La BRI prévient qu'un krach de l'IA pourrait égaler la perturbation du crédit de 2008, et signale les dangers de la dette record et de l'inflation
La Banque des règlements internationaux (BRI) signale qu'un krach des investissements dans l'IA, une dette publique record et une inflation obstinément élevée constituent des menaces interconnectées qui pourraient mettre à l'épreuve les marchés du crédit et l'économie mondiale, et exhorte les banques centrales à se préparer à agir.
Multiples points de pression
Le rapport économique annuel de la BRI, publié dimanche, identifie quatre risques principaux : une résurgence de l'inflation, la fragilité des investissements dans l'IA, des vulnérabilités financières et une dette souveraine record. L'activité économique reste résiliente, mais le groupe parapluie des banques centrales prévient qu'une politique disciplinée est cruciale.

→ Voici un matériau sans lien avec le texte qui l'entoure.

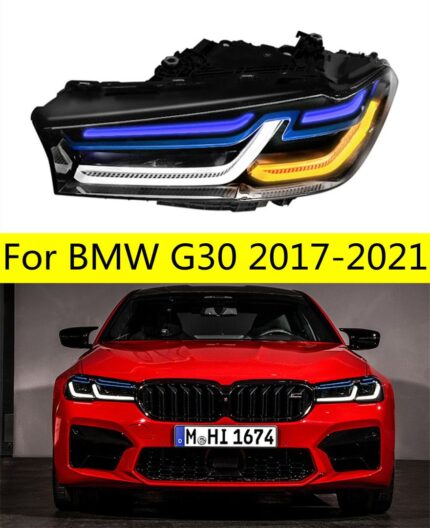 Car Lights for BMW G30 LED Headlight Projector Lens 20 17-2021 5 Series 530i 525i Head Lamp Front DRL Signal Headlights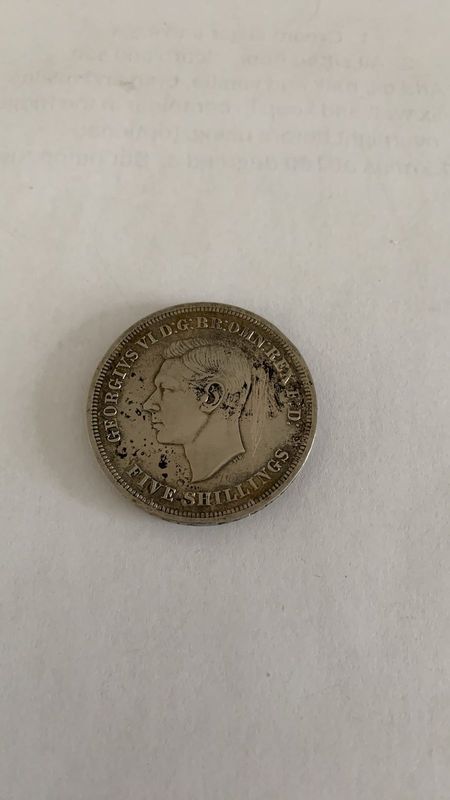 1951 5 SHILLINGS COIN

Les actions politiques doivent se renforcer mutuellement pour éviter des tiraillements sur l'économie mondiale. En fin de compte, le succès repose sur des fondations budgétaires et financières solides.

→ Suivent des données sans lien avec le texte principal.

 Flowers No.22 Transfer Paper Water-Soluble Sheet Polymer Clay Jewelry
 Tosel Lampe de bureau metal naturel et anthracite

Exubérance de l'IA et financement circulaire
La BRI établit une comparaison directe entre un krach de l'IA et la crise financière de 2008. Une déception sur les rendements pourrait déclencher un retrait soudain du financement et transformer le boom des investissements en un krach prolongé, avec des répercussions sur les conditions financières. Elle met en avant le « financement circulaire » où les fabricants de puces et les hyperscalers prennent des participations dans des laboratoires d'IA qui s'engagent ensuite à acheter des puces sur plusieurs années, avec des conditions mal divulguées et des actifs peut-être gagés plusieurs fois. Les cinq plus grands hyperscalers devraient investir plus de 1 000 milliards de dollars de 2025 à fin 2026, et la BRI voit des parallèles historiques avec les frénésies des canaux et des chemins de fer et la bulle Internet.
Une correction majeure des marchés actions pourrait avoir aujourd'hui des conséquences macroéconomiques plus importantes que par le passé.
Dette et tensions budgétaires
La dette publique record est un autre point chaud. Frank Smets de la BRI prévient que les obligations souveraines sont désormais de plus en plus détenues par des hedge funds fortement endettés, créant une boucle de rétroaction entre les finances publiques et la stabilité financière. Cela pourrait entraîner des ventes massives d'obligations plus fréquentes et plus brutales, et détériorer rapidement les conditions de financement. De Cos appelle à l'urgence de réduire les niveaux d'endettement dans les grandes économies.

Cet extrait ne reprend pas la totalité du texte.